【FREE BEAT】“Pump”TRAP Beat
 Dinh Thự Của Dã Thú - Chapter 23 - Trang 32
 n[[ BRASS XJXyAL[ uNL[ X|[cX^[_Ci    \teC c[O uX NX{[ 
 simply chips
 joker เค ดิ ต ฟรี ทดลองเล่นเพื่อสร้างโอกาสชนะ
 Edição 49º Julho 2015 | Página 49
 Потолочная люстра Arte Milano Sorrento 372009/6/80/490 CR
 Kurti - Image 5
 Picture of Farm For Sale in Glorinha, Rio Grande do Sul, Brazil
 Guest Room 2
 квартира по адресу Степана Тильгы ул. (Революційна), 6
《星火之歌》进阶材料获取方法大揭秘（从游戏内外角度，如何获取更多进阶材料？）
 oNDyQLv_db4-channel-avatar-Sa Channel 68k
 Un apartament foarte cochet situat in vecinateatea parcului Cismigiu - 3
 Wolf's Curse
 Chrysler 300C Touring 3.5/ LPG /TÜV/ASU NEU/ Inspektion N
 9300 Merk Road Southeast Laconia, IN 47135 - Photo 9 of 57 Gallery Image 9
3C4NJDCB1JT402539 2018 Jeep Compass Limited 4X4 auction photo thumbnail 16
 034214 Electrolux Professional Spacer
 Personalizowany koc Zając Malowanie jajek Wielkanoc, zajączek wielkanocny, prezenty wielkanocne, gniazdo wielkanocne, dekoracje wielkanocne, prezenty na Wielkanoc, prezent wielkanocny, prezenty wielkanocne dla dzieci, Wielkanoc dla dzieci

Activity ▸
Return a word-for-word copy of the lines above from the one holding "Kurti - Image 5" through the one holding "oNDyQLv_db4-channel-avatar-Sa Channel 68k", with both of them included and nothing besides.

Completed exercise ▸
 Kurti - Image 5
 Picture of Farm For Sale in Glorinha, Rio Grande do Sul, Brazil
 Guest Room 2
 квартира по адресу Степана Тильгы ул. (Революційна), 6
《星火之歌》进阶材料获取方法大揭秘（从游戏内外角度，如何获取更多进阶材料？）
 oNDyQLv_db4-channel-avatar-Sa Channel 68k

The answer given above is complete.